Compared to other state-of-the-art structure learning algorithms, OP-PSO-DE algorithm achieves best BIC scores on CANCER network when sample sizes are 500 and 1500, which can be seen in Table 4. When the sample size of CANCER network is 2000, our proposed algorithm achieves BIC scores better than PC-PSO and BNC-PSO.As we can see in Table 5, our proposed algorithm achieves better BIC scores than PC-PSO, BNC-PSO, Hybrid HPC and MMHC when sample sizes are 500, 1000, 1500 and 2000. Also, in Table 6, OP-PSO-DE achieves the best BIC scores when sample size is 500 on INSURANCE network and the difference between OP-PSO-DE and the standard value is much smaller than the other four algorithms.

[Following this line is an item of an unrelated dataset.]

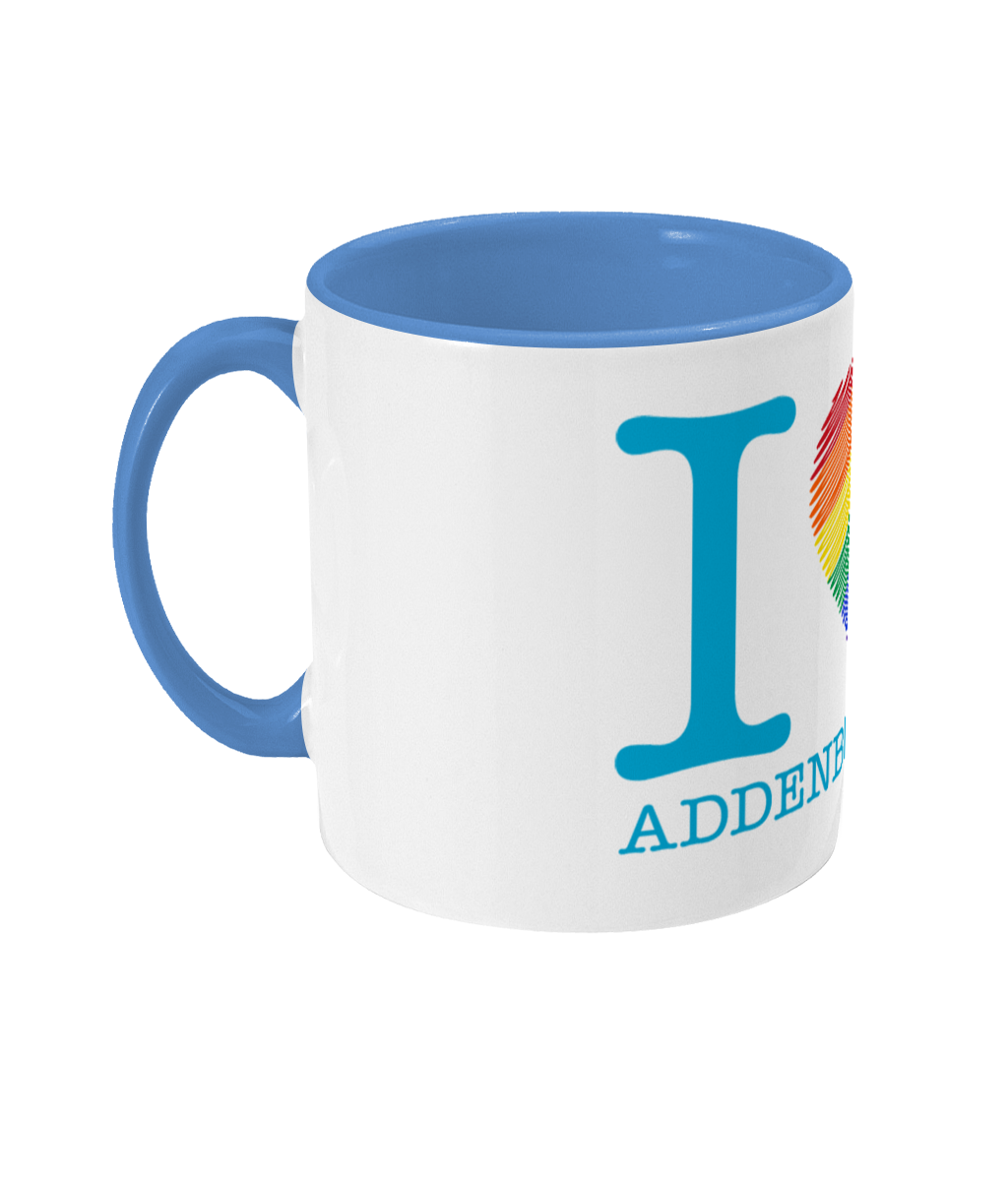 Two Toned I Love Addenbrooke's Mug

To verify the effect opposition-based learning, we tried to remove the module from OP-PSO-DE. On the INSURANCE network, the proposed algorithm achieved -17926.70 (true score is -16340.47) when the sample size is 1000 after 8 iterations. Although the iteration time is much smaller than OP-PSO-DE, the resulting solutions are significantly worse in terms of final score and network quality compared to other state-of-the-art algorithms. This suggests that opposition-based learning plays a crucial role in maintaining population diversity and avoiding poor local optima, especially in the early search stages.

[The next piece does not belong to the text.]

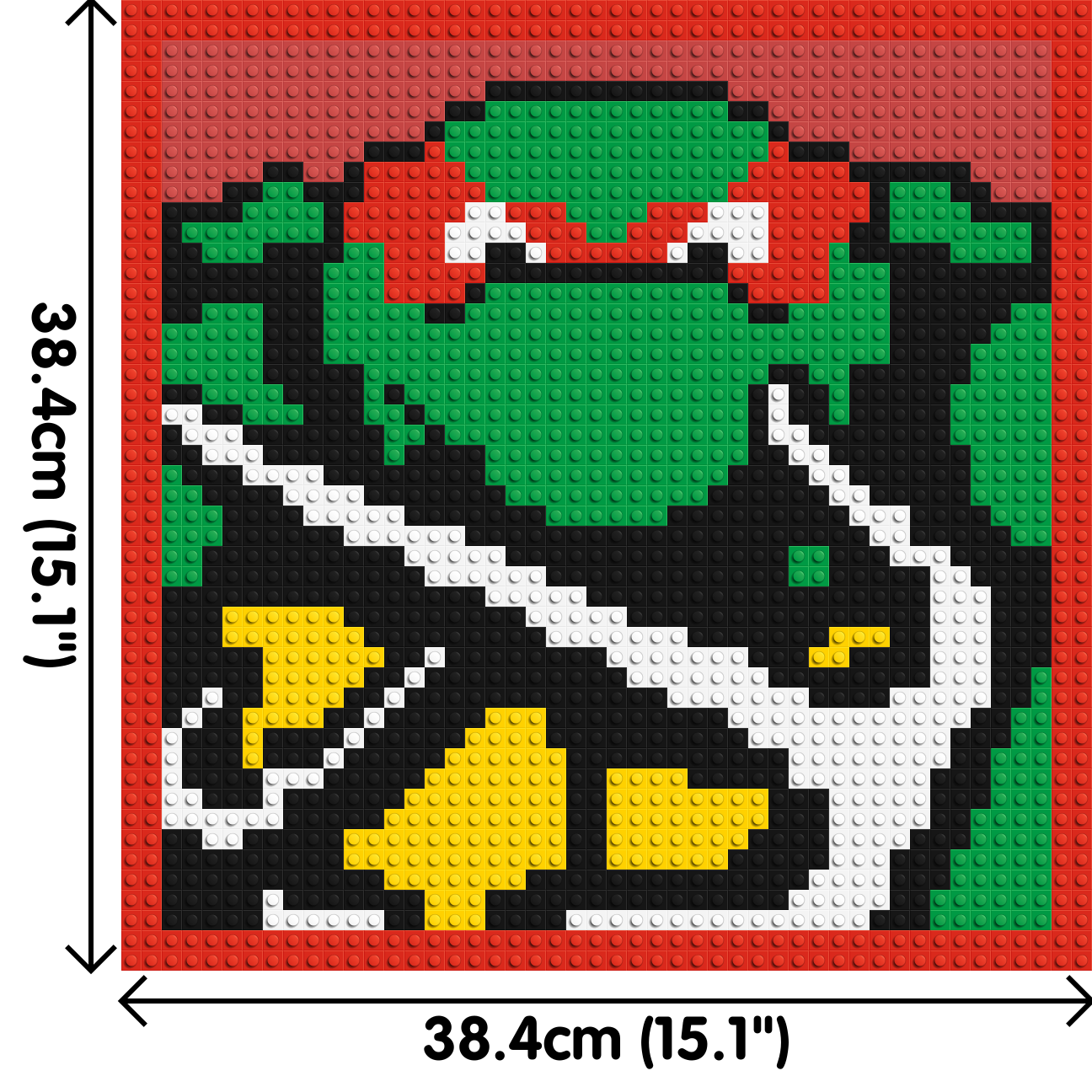 Raphael (TMNT)  - Brick Art Mosaic Kit 2x2 dimensions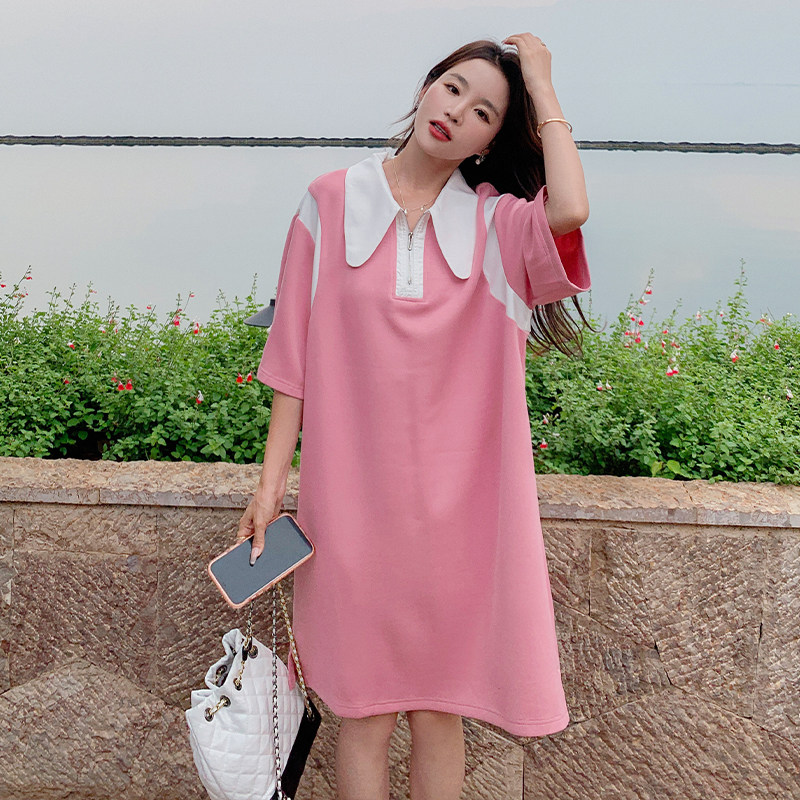 现货有买秀夏季新款粉色POLO连衣裙228-A163-P105控158,女装连衣裙,浙宝228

It is worth noting that wall-clock time is not reported in this study due to variability across implementations, which may render direct comparisons unreliable. Instead, we focus on the number of iterations and score function evaluations, which typically dominate the computational cost in structure learning tasks. Our method demonstrates substantial improvements in both metrics, suggesting that the observed convergence speed is not only theoretical but also likely translates to practical time efficiency.

As experimental results show, our proposed OP-PSO-DE algorithm can achieve good performances with a rapid convergence rate. Also, since our proposed algorithm is based on heuristic algorithms, it is very easy to implement and understand.

Conclusion

In this paper, we propose a hybrid structure learning algorithm, OP-PSO-DE, which utilizes opposition-based learning to accelerate its convergence rate and combines PSO with Differential Evolution algorithm searching for the best BIC scores. For the mutation operator, we utilize the binary mutation with probability difference and \(SSRDIW_{PSO}\) method to update the crossover probability. We introduce the execution process of our proposed algorithm specifically in the above sections and conduct experiments based on different networks. Experimental results show that our proposed algorithm can achieve better results compared to other state-of-the-art structure learning algorithms.

The contribution of this paper is that we introduce opposition-based learning method into the structure learning algorithm in Bayesian networks, which is verified to be an effective way to accelerate convergence process in our experiments. While tackling the structure learning problem of large networks, our proposed algorithm arises premature convergence. In particular, its performance degrades as the network scale increases, which becomes especially evident in the case of large networks. In the following researches, we plan to improve the current algorithm to avoid premature convergence and conduct our experiments on more practical application scenarios to measure the performances of OP-PSO-DE.